While private transportation is helpful, it is by no means essential, and may even detract from the country romps, which are integral to the Hakushu experience.
The area is covered with easy-to-follow hiking trails, the most ambitious being the one up to the summit of Mount Komagatake. Hakushu village, an unassuming cluster of mostly older properties and a few more recent, tasteless ones, is worth exploring on foot for its shrines, kitchen gardens and old wooden farmhouses, some dating back to the Edo Period.
If you look at the central eaves of these old wooden houses and barns, you will notice that many have family names and emblems inscribed on medallion-shaped reliefs made from plaster, clay and straw.
Mount Komagatake forms the backdrop to Hakushu, a peak from which the region’s excellent water plunges down in cool cascades, trickling even at the height of summer. This is good news for those who like their picnics accompanied by wine, chilled in the natural rock coolers of the river and the streams that irrigate the area. In fact, Hakushu’s water is so good that it is bottled and sold all over the country.
The district’s waterside paths form an intricate web of routes that can be transformed, with the help of local maps given out at the nearest station at Nirasaki and at the area’s minshuku inns, into walking trails.
Sengafuchi, a waterfall and clear pool enclosed by wooded slopes, is an enchanting place. So is the mysteriously named God-Snake Waterfall, featured on brochures of the region.

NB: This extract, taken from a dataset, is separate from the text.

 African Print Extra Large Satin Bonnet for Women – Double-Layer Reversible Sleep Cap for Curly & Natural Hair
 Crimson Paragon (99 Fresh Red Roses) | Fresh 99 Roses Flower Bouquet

A trail leads from the waterfall to Takeu Komagatake Jinga, a truly rustic shrine built among rock boulders and moss in a pine and cryptomeria wood on the upper bank of the river.
The wooden shrine has a number of interesting carvings, but its headstones and its groupings of Buddhist and native figures, from Fudo, the guardian of hell, to the long-nosed Tengu, time-mottled but beautifully executed, form a fascinating collection of deities.

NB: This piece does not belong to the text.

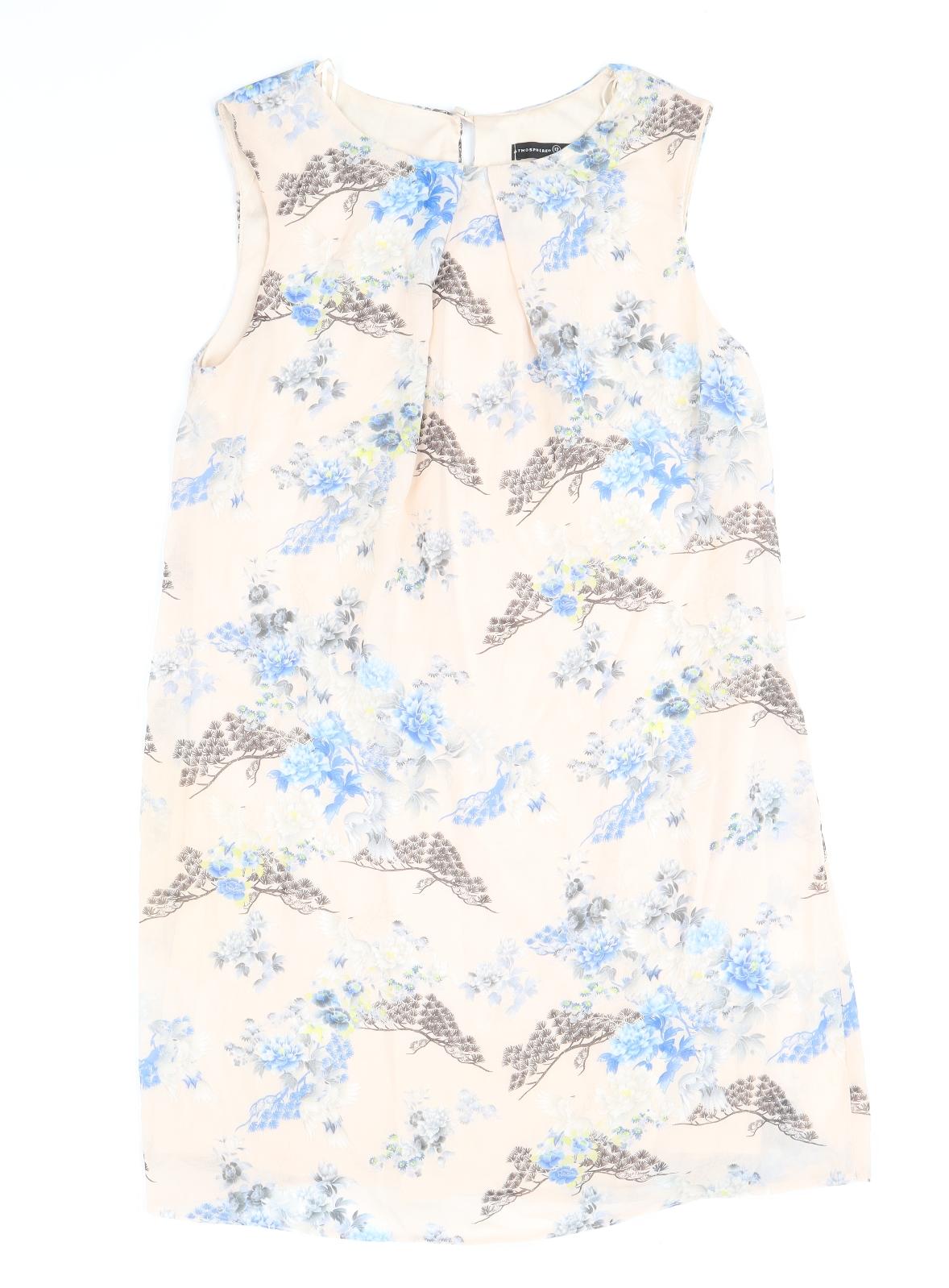 Primark Womens Beige Floral Polyester A-Line Size 12 Round Neck Button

Coming from the waterfall, the shrine is reached by crossing a wooden suspension bridge over the Ojiro River. Water is not the only liquid identified with Hakushu. A Suntory whiskey distillery, in the shadow of a rather grand shrine, lies in the eastern half of the district.
Yamanashi, of course, is a serious wine-producing prefecture. Hakushu cultivates its own label at various small family-run establishments and medium-sized wineries dotted throughout the region. The easiest to reach, perhaps, is the 1940-built Charmant winery, a 20-minute walk from Verga. Reds, whites and roses are produced here.
Its whites, including a Semillon and a Chardonnay, are the best. Visitors are welcome to wander around the winery, inspect the vineyards at the back, and to help themselves to a free wine-tasting from the bottles on offer at the display shop, where local produce and cheeses selected to match their wines, are sold.
There is much to surprise and delight at Hakushu, and a ramble through the catchment area turns up more landscape features than just the peach orchards and the rice paddies, for which the region is noted.
What appear, at first glance, to be Paleolithic stone circles, a granary silo, a rusting septic tank and a cache of incubator bags from the movie “The Invasion of the Body Snatchers,” turn out to be perfectly serious statements by contributing artists: art installations, no less, relics of Hakushu’s association with the art festival.
Despite the industrial age feel of the materials — concrete, stainless steel, nylon — the works manage to blend their surfaces and contours in with the environment remarkably well. One, a car covered in leaf mold and overhung by a trellis of pipes that seem like a forest flyover, actually looked in danger of being overcome by the surrounding fecundity.
Finding them is often easier said than done. Nature moves at a brisk pace out here in the Japanese countryside, and several have already vanished, like Khmer ruins, into the undergrowth. Finding them can feel — and this is half the fun — more like a treasure-hunt than art appreciation.